Incrivelmente, agora
lá no horizonte, no final da tarde, são duas as estrelas. Julguei entender o
que acontecia: aquela um pouco menor, se bem que tão cheia de luz, era a mesma
Estrela d’Alva que via dentre os morros verde-escuros da minha infância – mas,
e a outra? Muito mais luminosa, maior, irradiando uma luz que tanto era
vermelha, quanto terna, quanto doce, lá estava a nova estrela, e não ficava
dúvida sobre de onde vinha: era a estrela chamada Marisa Letícia que hoje tomou
o rumo do céu, que agora sempre vai estar por lá cuidando do que se passa com
esta humanidade que consegue ser tão vil, às vezes, que a gente nem entende
como o universo a suporta.
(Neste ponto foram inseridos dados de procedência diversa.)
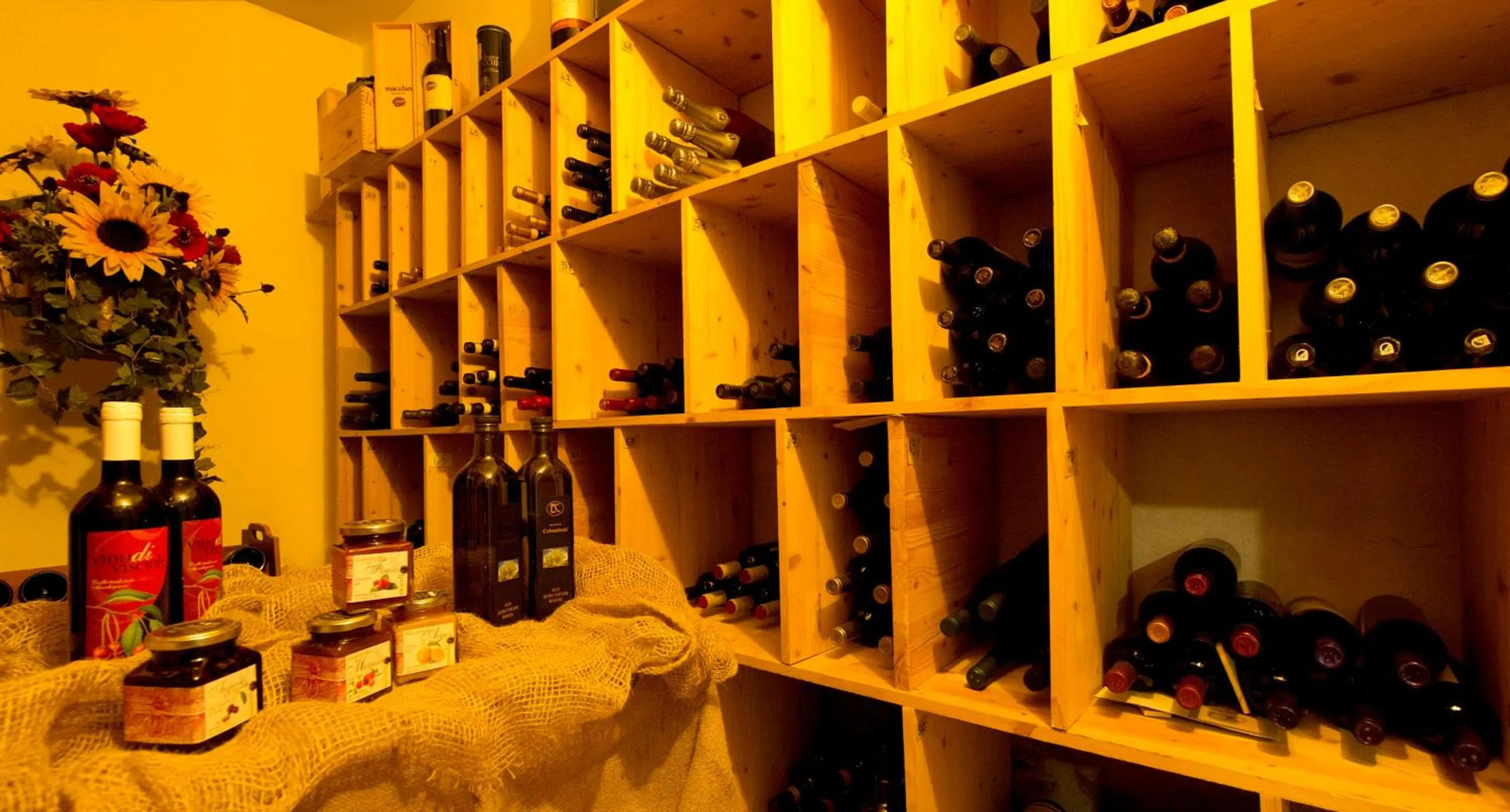 Restaurant/places to eat in UNA HOTELS Imperial Beach Hotel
Bom demais saber que Dona Marisa está lá, agora,
livre e solta, sem mais sofrimentos, acima de qualquer opressão ou maldade que
queiram lhe fazer, como aquela dos pedalinhos para os netinhos – ô gente
nojenta que há sob o sol, gente podre, capaz de fazer maldades desse tipo – se
bem que ela também viveu coisas muito grandiosas, como receber chefes de Estado
na sua cozinha de gente humilde para comer o seu arroz com feijão e bife, e
lembro de Fidel Castro, vindo do continente africano e dando uma paradinha na
casa de Dona Marisa, e quando os repórteres insistiram para que viesse até à
porta e dissesse alguma coisa, ele declarou, sumamente satisfeito: “Que delícia
essa comida proletária!”. Comidinha feita por Dona Marisa, a querida, agora
Estrela.
Sou pobre de palavras
quando se trata de falar de Dona Marisa, e então vou me apropriar do que disse
hoje o professor Dr. Jaci Rocha Gonçalves, dentre outras coisas teólogo e
antropólogo, a respeito dessa mulher que tão luminosa foi que acabou virando
estrela: “Uma trajetória de luta, de sabedoria silenciosa, de coerência e
firmeza com os valores que contam. O maior deles: cuidar, como mãe, dos
excluídos. A história reconhecerá no tempo oportuno em que toda a verdade virá
à tona”.
O amor que eu tinha
por ela era de tal monta que passei a maior parte do dia de hoje chorando
dolorosamente – só comecei a me conformar quando a tarde foi para o fim e a vi,
luminosa e encantadora, lá no céu, assim como tinha sido aqui na terra.
Aumenta, hoje, a minha
galeria de perdas irreparáveis, mas nasceu uma nova estrela! Querida Dona
Marisa, a gente ainda vai se encontrar!
Enseada de Brito, 02
de fevereiro de 2017.
*
Escritora de Blumenau/SC, historiadora e doutoranda em Geografia pela UFPR,
autora de vinte e seis livros (o 26º lançado em 5 de maio de 2016), entre os
quais os romances “Verde Vale” (dez edições) e “No tempo das tangerinas” (12
edições).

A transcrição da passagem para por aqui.